This seemingly modern house in the Laurens County community known as Hickory Tavern was actually built around 1847 by Laurens businessman and farmer George Washington Sullivan. It was not modernized with electricity until 1950, nor did it have indoor plumbing – with the exception of a kitchen sink – until 1970. The house is notable for its brick construction, unusual in antebellum homes of the Upstate.
Sullivan, a successful grower of cotton, wheat, and potatoes – among other crops – was also an officer of his father’s company, Fork Shoals Cotton Mill. His home stood out among other plantation houses in the upper part of the state, as bricks were usually reserved for public buildings or churches. Sullivan also served as a state representative from Laurens County during the Civil War, from 1862 until 1864.

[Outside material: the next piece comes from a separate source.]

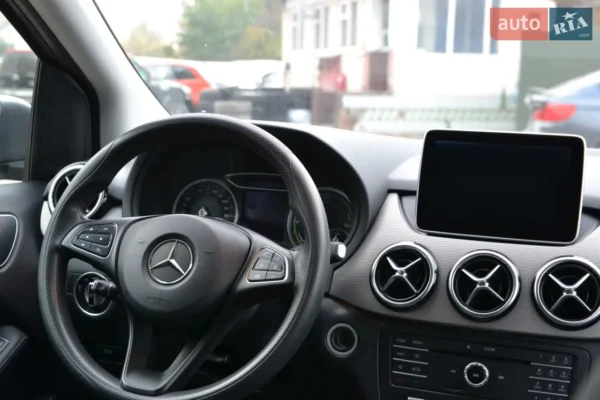 mercedes-benz_b-class__620163404hd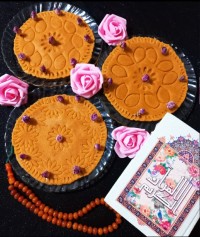 حلواهای نذری من وخواهر بسیار عزیزم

Charlton Hall Plantation House is listed in the National Register, which adds the following:
Charlton Hall Plantation House is significant as an intact and relatively uncommon example of mid-nineteenth century brick construction in the rural South Carolina upcountry, and for its association with George Washington Sullivan, Sr., (1809-1887), a prominent farmer and public servant of Laurens District before, during, and after the Civil War. Brick construction in the upcountry prior to upland cotton production and the subsequent expansion it encouraged was limited primarily to buildings for public use such as courthouses or churches or for commercial purposes. Relatively few brick residences were built in Laurens before the Civil War. Sullivan built this house ca. 1847 on part of his extensive land holdings.
The home’s massing and details reflect elements of the Greek Revival style. Sullivan was the principal owner of G.W. Sullivan and Company, which operated a lime kiln, and was an officer in the Fork Shoals Cotton Mill, which had been founded by his father. Sullivan’s farm produced forty, 400-pound bales of ginned cotton, 4000 bushels of Indian corn, 700 bushels of oats, 600 bushels of wheat, 200 bushels of peas and beans, and smaller amounts of sweet potatoes, Irish potatoes, and rye in 1860. Sullivan represented Laurens County in the South Carolina House of Representatives from 1862-1864 and was a Laurens County Commissioner from 1868-1870. Three early-twentieth century outbuildings to the rear of the main house – a blacksmith shop/shed, a smokehouse, and a frame shed – also contribute to the historic character of the property.